So I gave up on Marco Rubio and spilled the beans after watching his recent TV ads whereby he attempts to appeal to voters with a “Boy Scout” image. I don’t buy it, and I believe he’s just as disingenuous as Charlie Crist. The only difference is, my lack of trust in Marco is on an individual level, while Charlie’s is purely political. In my book, Marco’s lack of trust is far worse than Charlie’s. Charlie may be a lot of things, but out for personal gain (other than being elected to something) is not one of them. Marco’s want for power is different – he appears to not only want fame, but also fortune. Watching him on TV talking about values and fiscal responsibility while knowing he doesn’t know right from wrong and can’t even keep his own affairs in order just plain disgusts me.  That is why I have chosen to out Marco Rubio for being the snake I believe him to be.

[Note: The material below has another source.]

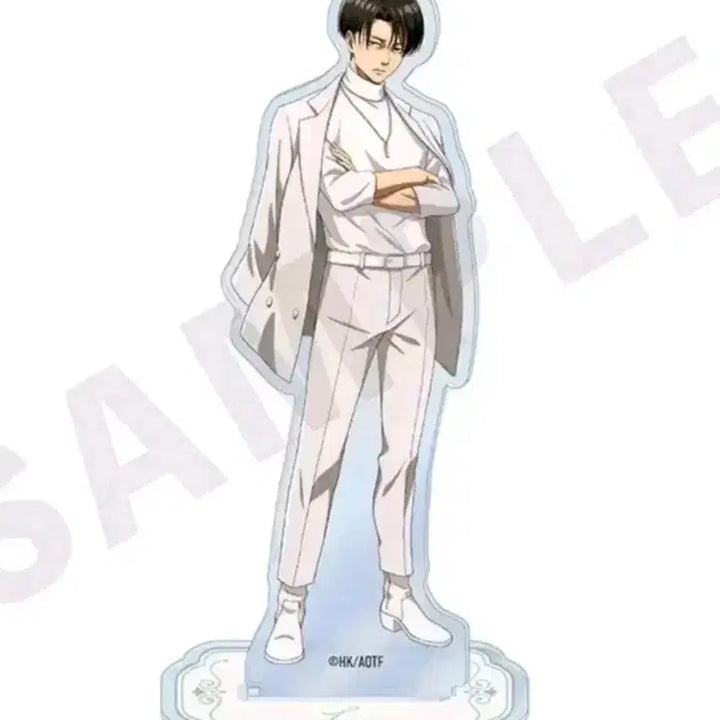 [BUNJANG] Attack on Titan Levi Acrylic Stand White Coordination / 진격의 거인 리바이 아크릴 스탠드 화이트 코디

In short, I don’t think Marco Rubio is telling the truth. He is not telling the truth about me. He is not telling the truth about his spending of RPOF funds on his credit card. He is not telling the truth about the RPOF paying for his family reunion. Of course, he has perfect explanations for all of these indiscretions.  But a pattern of untrustworthy behavior exists, and I believe such behavior should disqualify him from serving in the U.S. Senate – at minimum it disqualifies him from receiving my vote. Yet somehow among my Kool-aid drinking Republican friends, we’re supposed to support Marco and believe he’s the savior of our nation simply because he’s got an “R” after his name. No thanks. Some guy who can’t handle a credit card the right way, isn’t going to be able to appropriately vote on the budget or taxes. (For more on what a great conservative fiscal steward Rubio is, read story in today’s St. Pete Times.)

I’ve been a Republican my whole life, but I refuse to vote for someone whom I cannot trust just because they have an “R” after their name. I don’t trust Marco Rubio. Someone who is so completely devoid of knowing right from wrong as it relates to his own finances and the finances of others can’t be trusted to go to Washington and solve the fiscal mess our country is in.

The irony of all of this is that while Rubio is one of the darlings of the tea party Republican movement, bioengineered to make them seem diverse because he’s Hispanic, actual tea partyers who aren’t in it strictly to help Jim DeMint and the GOP, but who actually buy into the Libertarian-leaning ideology, could ultimately be his worst enemies.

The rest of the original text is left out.